Our lab is dedicated to advancing precision medicine for cystic fibrosis (CF) by investigating CFTR function and dysfunction. We develop and utilize cutting-edge model systems to investigate the disease liability of CFTR variants, aiming to deepen our understanding of how these genetic changes impact health. Our team is focused on testing CFTR modulators to enhance CFTR function, seeking effective treatment options tailored to individual disease-causing variants.

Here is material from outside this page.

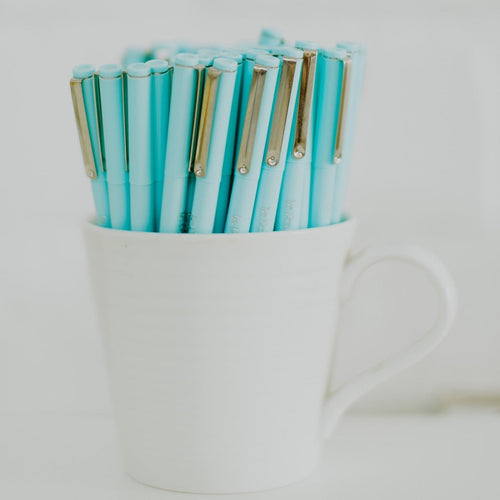 Two Pale Blue Pens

Secondly, we work to expand modulator therapies for individuals with CFTR-related disorders, including those with borderline sweat test results who may have one or no CFTR variant identified. For individuals presenting with lower CFTR function, we conduct detailed RNA analysis and full CFTR gene sequencing to characterize their condition more precisely. We aim to develop a risk score to better predict and understand the phenotype associated with borderline sweat chloride levels and reduced lung function, identifying those who may benefit from CFTR modulator therapies.
Thirdly, our research investigates CFTR splicing and nonsense-mediated mRNA decay, with a focus on therapeutic discoveries for the correction of splicing by antisense oligos, enhancing mRNA stability by inhibiting nonsense-mediated mRNA decay for effective readthrough and CFTR modulator efficacy.
Lastly, for CFTR variants that are not amenable to small molecule or antisense oligonucleotide approaches, we are exploring base editing and prime editing as alternative therapeutic strategies. Through these efforts, we aim to drive the development of personalized therapeutic strategies that address the diverse needs of those affected by CFTR dysfunction.